«Chesil Beach»: la eterna dificultad

“Eran jóvenes, instruidos y vírgenes aquella noche, la de su boda, y vivían en un tiempo en que la conversación sobre dificultades sexuales era claramente imposible. Pero nunca es fácil.”

Ian McEwan, Chesil Beach1

Las palabras que sirven de pórtico a la novela del británico encierran una verdad a medias, pues lo que se encuentra tras la dificultad a la que aluden es, en realidad, una imposibilidad, no la de la conversación sobre el sexo, sino la de gozar del cuerpo del otro.

Chesil Beach es el marco espacial en el que Edward y Florence quieren pasar su noche de bodas, el lugar idílico que han reservado para su primera relación sexual. Encuentro fallido descrito con detalle y morosidad asombrosa en el que la instancia narrativa oscila entre el discurso interior de él y el de ella, recurso que formaliza a la perfección el desencuentro y la no existencia de la relación. Ambos viven esa experiencia con gran frustración, pero ignoran que haber obtenido la satisfacción sexual no les habría librado del fracaso.

El texto despliega lo que podrían ser algunas de las causas de ese fiasco: la sociedad conservadora y extremadamente opresiva de la década de los 60, la aversión de Florence al sexo, las diferencias económicas y de clase existentes entre ambos e incluso la perturbación mental de la madre de Edward que ha podido afectar a su relación con las mujeres; ninguna de ellas apunta al hecho de que el goce del Otro nunca es el goce del Uno.

La novela avanza sin que los protagonistas logren formar pareja, es decir, sin que el Otro se convierta en el síntoma del parlêtre, se convierta en un medio de su goce2.

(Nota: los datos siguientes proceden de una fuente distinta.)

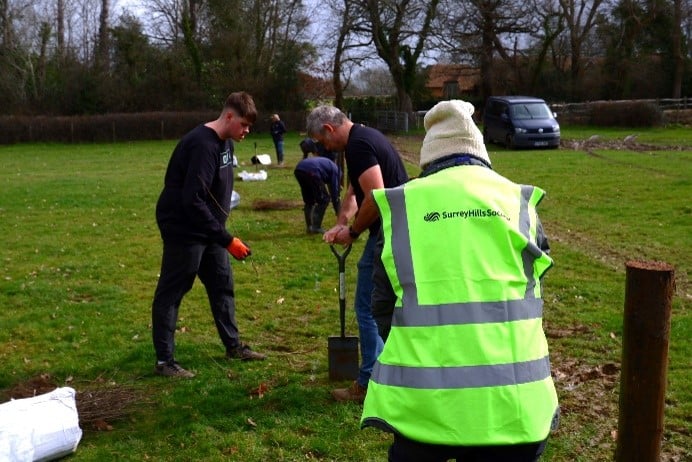 Festive Community Hedge Planting Day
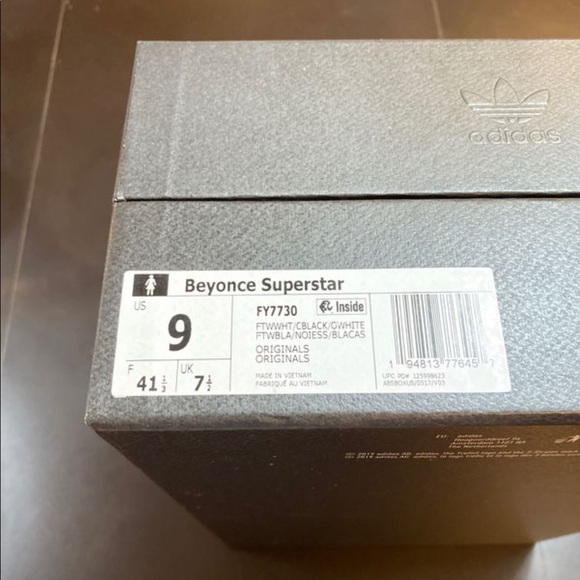 Adidas x Beyoncé Superstar - Picture 1 of 3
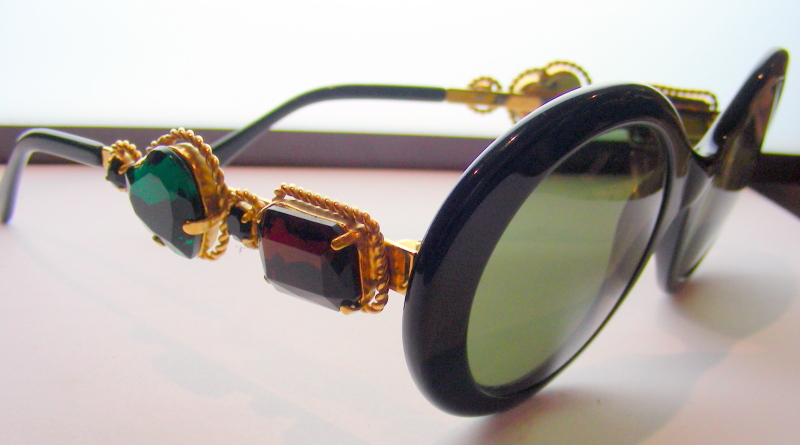 Vintage MOSCHINO by Persol Sunglasses Eyeglass Dramatic CHAIN M-O-S-C-H-I-N-O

El matrimonio, en su dimensión fálica, no consigue en este caso velar el agujero de la no relación; tampoco el particular goce de cada uno logra hacer nudo por medio del amor, cuya función principal es hacer pasar ese goce al deseo. Las últimas líneas del relato confirman lo que había sido anunciado al inicio:

Con amor y paciencia –ojalá hubiera él tenido las dos cosas a un tiempo– sin duda los dos habrían salido adelante. [...] En Chesil Beach podría haber llamado a Florence, podría haberla seguido [...] [Él] observó la premura con que ella recorría la orilla [...] hasta que solo fue un punto borroso y decreciente contra la inmensa vía recta de guijarros relucientes a la luz pálida.

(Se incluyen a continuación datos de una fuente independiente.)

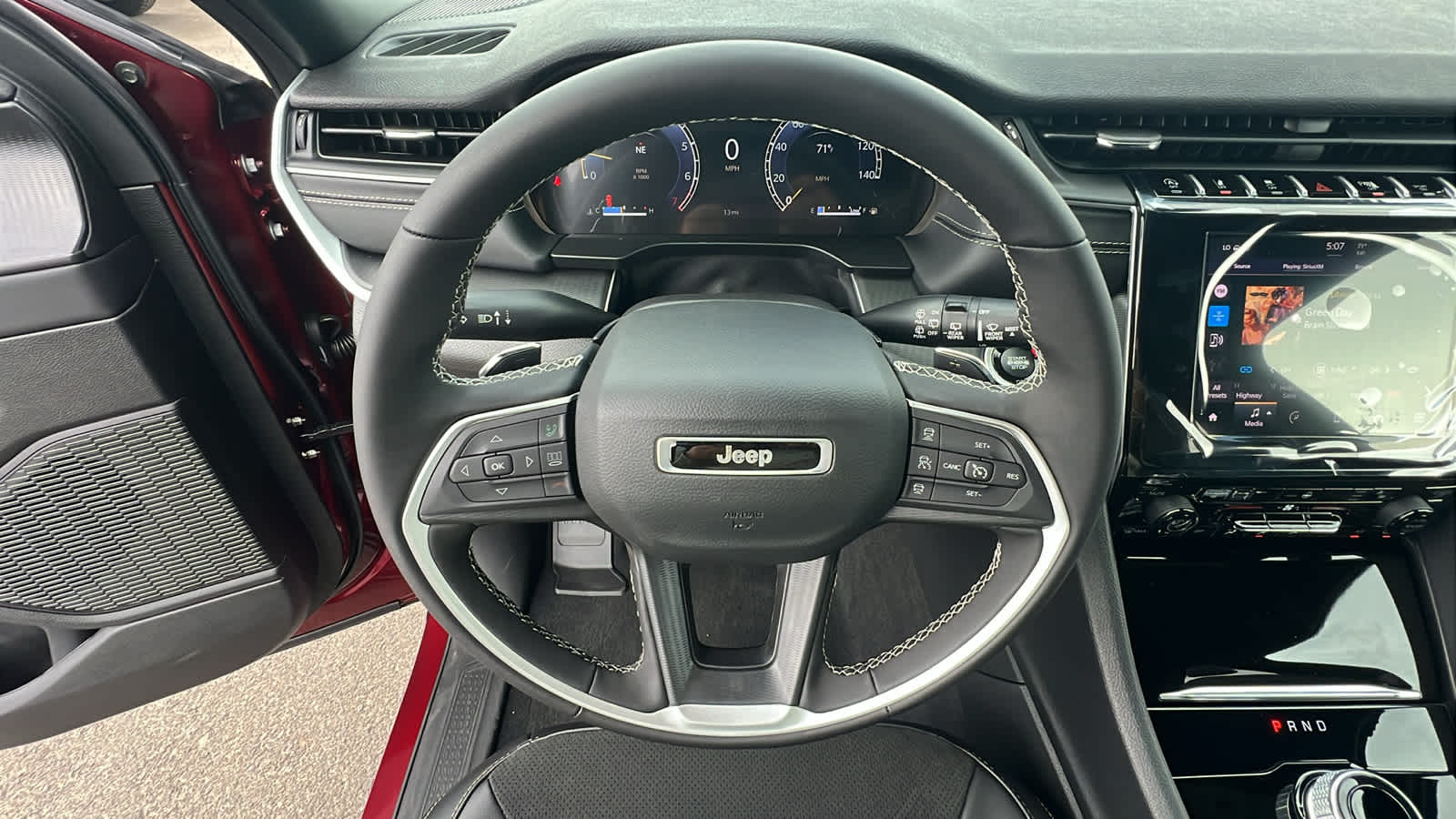 Thumbnail: 2025 Jeep Grand Cherokee - 18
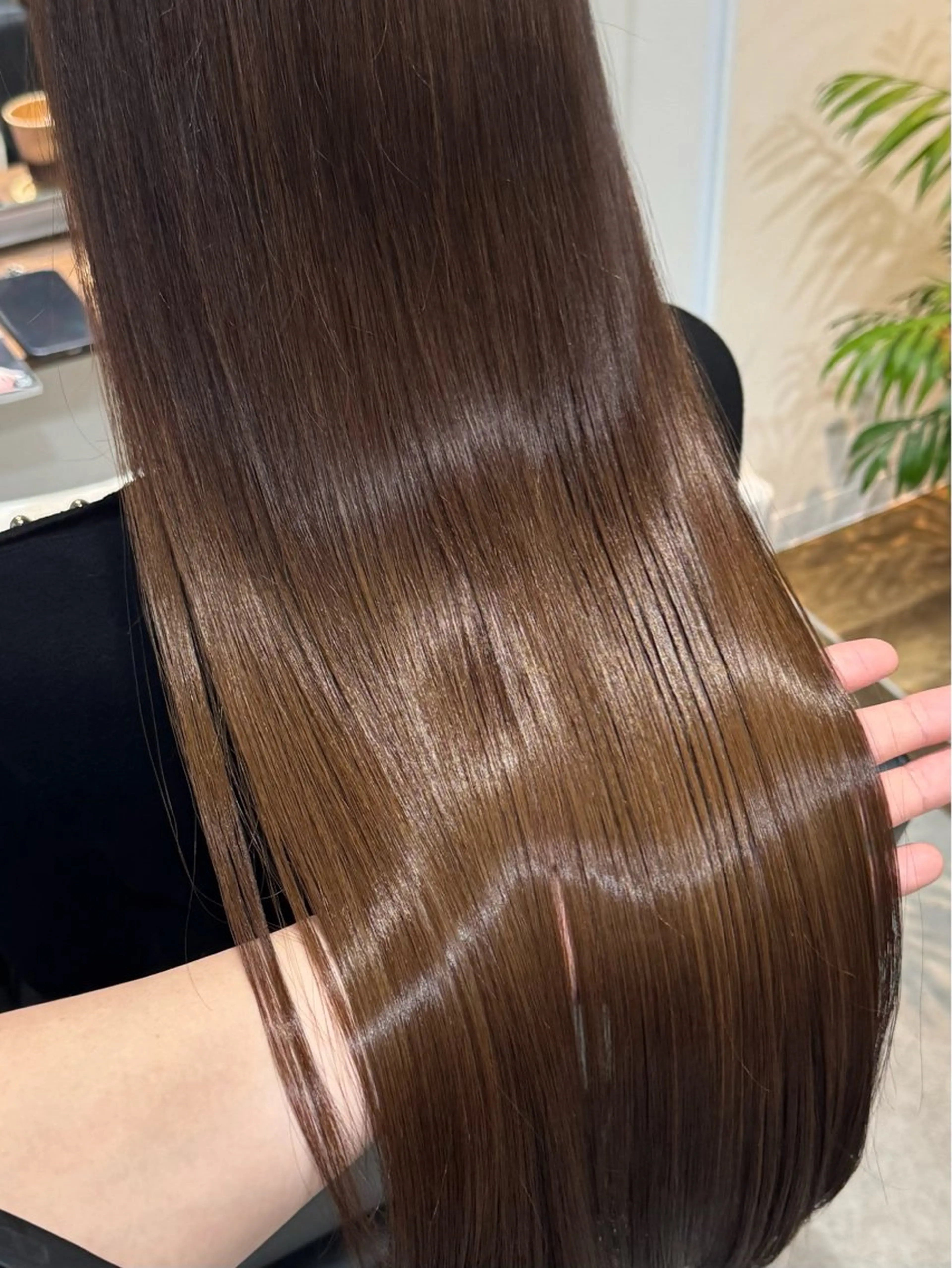 ロング カラー 髪質改善 KINI 髪質改善＆艶髪のヘアスタイル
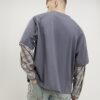 Grå dubbelvävd T-shirt med nummer 76 i rutmönster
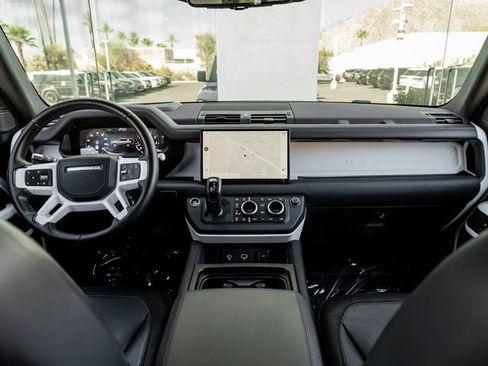 Used 2022 Land Rover Defender 110 X-Dynamic HSE AWD/4WD image 19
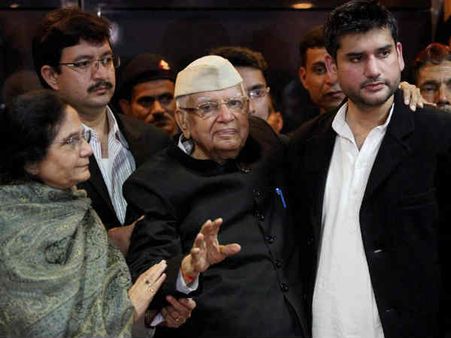 മകന് ബിജെപി സീറ്റ് നല്‍കി, എന്‍ഡി തിവാരി കോണ്‍ഗ്രസ് വിട്ട് ബിജെപിയിലേക്ക്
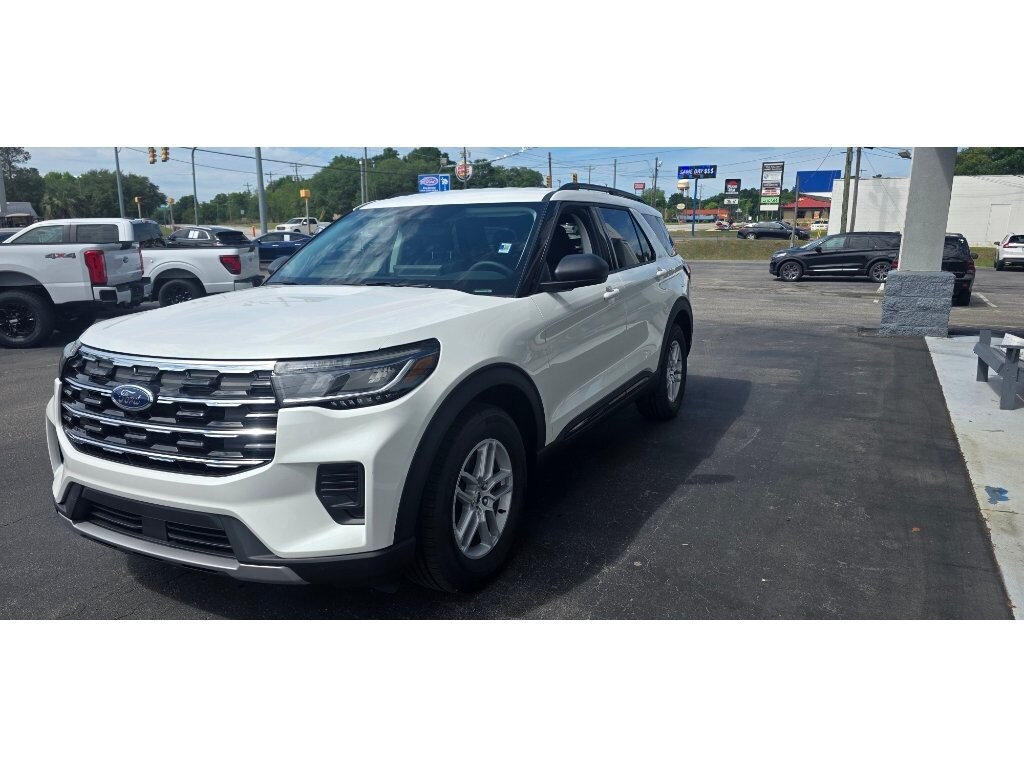 New 2026 Ford Explorer Active w/200A Pkg Sport Utility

Mediante el sueño del amor el parlêtre piensa que puede hacer del uno más uno dos; la suplencia que supone el amor es la que permite hacer lazo, pero para que eso ocurra ha de haberlo y, como muestra el último párrafo de la novela, no es así. Edward no ama lo suficiente a Florence; ella no puede llegar a decir: “es él quien me ama”, es más, como afirma Eric Laurent3, del lado de la dama es preciso que el ser amado hable, y Edward no “llama a Florence” cuando podría haberlo hecho, y, en cualquier caso, que haya amor y palabras tampoco garantiza la concordia.

Falta el amor, sí, pero también la paciencia. ¿Cómo pensar esa segunda carencia? En el transcurso de los acontecimientos, Edward llega a odiar a Florence, odia su modo de goce, un goce que le resulta desconocido, opaco. Sin embargo es desde el consentimiento a esa opacidad desde la que conviene partir. Así lo afirma Lacan en su Seminario sobre el sinthome: “Digo opacidad porque, en primer lugar, no nos damos cuenta de que lo sexual no establece de ningún modo ninguna relación. No podría haber mejor palabra que exilio para expresar la no relación”4. Y qué duda cabe de que ese punto borroso que es el cuerpo de Florence desapareciendo ante la mirada confundida de Edward constata la eterna imposibilidad y el hecho de que el parlêtre está siempre convocado a inventar su particular modo de relación.

Notas:

  1. McEwan, I, Chesil Beach, Barcelona, Anagrama, 2008.
  2. Miller, J.-A., El partenaire-síntoma, Bs. As., Paidós, 2008, p. 411.
  3. Laurent, E., Los objetos de la pasión, Bs. As., Editorial Tres Haches, 2004, p. 128.
  4. Lacan, Jacques, El seminario, libro 23: El sinthome, Bs. As., Paidós, 2008, p. 68.